UEFA holds crisis meeting after breakaway Super League launched

European soccer's governing body UEFA will hold a crisis meeting on Monday, hours after 12 of the continent's leading clubs shocked the football world by announcing the formation of a breakaway Super League, Reuters reports. 

U.S. investment bank JP Morgan (JPM.N) confirmed on Monday to Reuters that it is financing the new league which includes clubs such as Real Madrid and Manchester United (MANU.N) and is a rival to UEFA's established Champions League competition.

The breakaway has been heavily criticised by soccer authorities, fan organisations and politicians across Europe.
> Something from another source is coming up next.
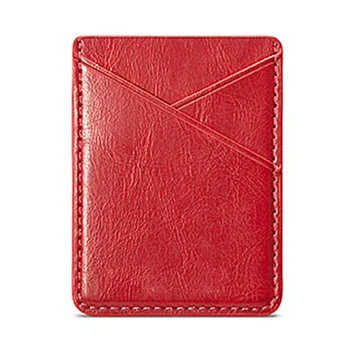 

Solid Phone Card Holder Wallet Adhesive Case Universal Secure Double-deck Back Pocket Leather Stick On Inserting Mini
A bitter battle for control of the game and its lucrative revenue began with a letter sent by the 12 clubs to UEFA on Monday in which they said they would take legal steps in unnamed courts to protect their interests as they set up the league. 

Reuters has seen the letter which states it is in response to UEFA's statement on Sunday that it will "consider all measures available to us, at all levels, both judicial and sporting in order to prevent this happening".

UEFA also said the clubs concerned "will be banned from playing in any other competition at domestic, European or world level, and their players could be denied the opportunity to represent their national teams."

The Super League letter says those statements: "Compel us to take protective steps to secure ourselves against such an adverse reaction, which would not only jeopardize the funding commitment under the (JP Morgan financial) Grant but, significantly, would be unlawful.

"For this reason, SLCo (Super League Company) has filed a motion before the relevant courts in order to ensure the seamless establishment and operation of the Competition in accordance with applicable laws.”

In the past, breakaway threats have led to compromises between UEFA and the big clubs in the Champions League, Europe's elite club competition, over the format and revenue distribution.